The UK introduced its new Israeli designed, Israeli tested, and mostly Israeli made, Watchkeeper drone at the Farnborough Air show in July, 2010. Elbit Systems, core designer of the Watchkeeper drone, tests most of its drones from an airport in the occupied Golan Heights in deference to Israel citizens who don’t tolerate potentially crash prone test drones over their own airspace. (In a concession to UK Labour Party sensibilities, the Watchkeeper drone was tested only over territory occupied in 1948). Costing more than a billion pounds, the Watchkeeper programme has provided the UK with up to date Israeli drone technology, battle tested over the occupied territories of Palestine.
Elbit Systems, with close ties to the Israeli government and the Israeli military, has been a key supplier to the apartheid wall.
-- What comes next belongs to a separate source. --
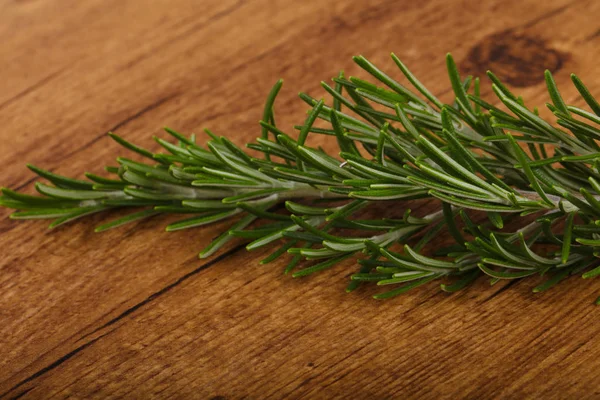 Green Rosemary branch — Stock Photo, Image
Yet the public unveiling of the Watchkeeper drone was barely noted by either the anti war movement, or the Palestine Solidarity movement.
A sign of the deep integration of the Israeli military industrial complex into the NATO defence system, Watchkeeper slipped past the anti war movement, even as the Israeli navy gunned down peace activists in the eastern Mediterreanian.
Not only do drone sales finance the proliferation of drone technology in Israel, Israel has shown itself willing to sell its drone technology widely, to more than a dozen countries. Israeli drone sales to Georgia, part of a massive sale of arms to that country, helped to spark the recent flash war with Russia.